** Opening Input for this task block **
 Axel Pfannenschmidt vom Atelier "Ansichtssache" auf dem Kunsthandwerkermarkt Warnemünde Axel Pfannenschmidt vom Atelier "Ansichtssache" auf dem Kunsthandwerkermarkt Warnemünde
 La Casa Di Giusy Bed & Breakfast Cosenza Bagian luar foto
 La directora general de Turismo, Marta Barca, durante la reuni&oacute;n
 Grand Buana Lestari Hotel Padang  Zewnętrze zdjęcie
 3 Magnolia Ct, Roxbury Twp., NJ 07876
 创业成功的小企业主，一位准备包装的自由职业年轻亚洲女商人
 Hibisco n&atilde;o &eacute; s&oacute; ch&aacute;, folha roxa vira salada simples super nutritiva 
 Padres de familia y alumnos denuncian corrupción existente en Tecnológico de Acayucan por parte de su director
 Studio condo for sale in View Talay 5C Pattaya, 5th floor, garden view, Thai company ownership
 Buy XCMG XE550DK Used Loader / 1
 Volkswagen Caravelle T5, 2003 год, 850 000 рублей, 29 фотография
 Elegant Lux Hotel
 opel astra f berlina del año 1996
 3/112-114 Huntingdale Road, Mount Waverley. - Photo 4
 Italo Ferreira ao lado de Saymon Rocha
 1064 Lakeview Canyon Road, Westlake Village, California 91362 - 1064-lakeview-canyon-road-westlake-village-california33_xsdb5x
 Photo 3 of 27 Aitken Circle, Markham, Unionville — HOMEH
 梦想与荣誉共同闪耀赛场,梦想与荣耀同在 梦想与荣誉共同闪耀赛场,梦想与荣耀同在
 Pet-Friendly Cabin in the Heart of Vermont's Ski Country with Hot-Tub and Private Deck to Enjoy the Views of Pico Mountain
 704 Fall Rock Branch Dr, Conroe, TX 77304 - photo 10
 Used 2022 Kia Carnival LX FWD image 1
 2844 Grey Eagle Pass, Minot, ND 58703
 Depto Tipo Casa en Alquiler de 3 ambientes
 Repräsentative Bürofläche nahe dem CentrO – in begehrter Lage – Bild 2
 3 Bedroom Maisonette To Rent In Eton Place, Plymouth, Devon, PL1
** Closing Input for this task block **
Required action: Retype, exactly and in full, the lines above from the one containing "Hibisco n&atilde;o &eacute;" through the one containing "3/112-114 Huntingdale Road, Mount".

Task output:
 Hibisco n&atilde;o &eacute; s&oacute; ch&aacute;, folha roxa vira salada simples super nutritiva 
 Padres de familia y alumnos denuncian corrupción existente en Tecnológico de Acayucan por parte de su director
 Studio condo for sale in View Talay 5C Pattaya, 5th floor, garden view, Thai company ownership
 Buy XCMG XE550DK Used Loader / 1
 Volkswagen Caravelle T5, 2003 год, 850 000 рублей, 29 фотография
 Elegant Lux Hotel
 opel astra f berlina del año 1996
 3/112-114 Huntingdale Road, Mount Waverley. - Photo 4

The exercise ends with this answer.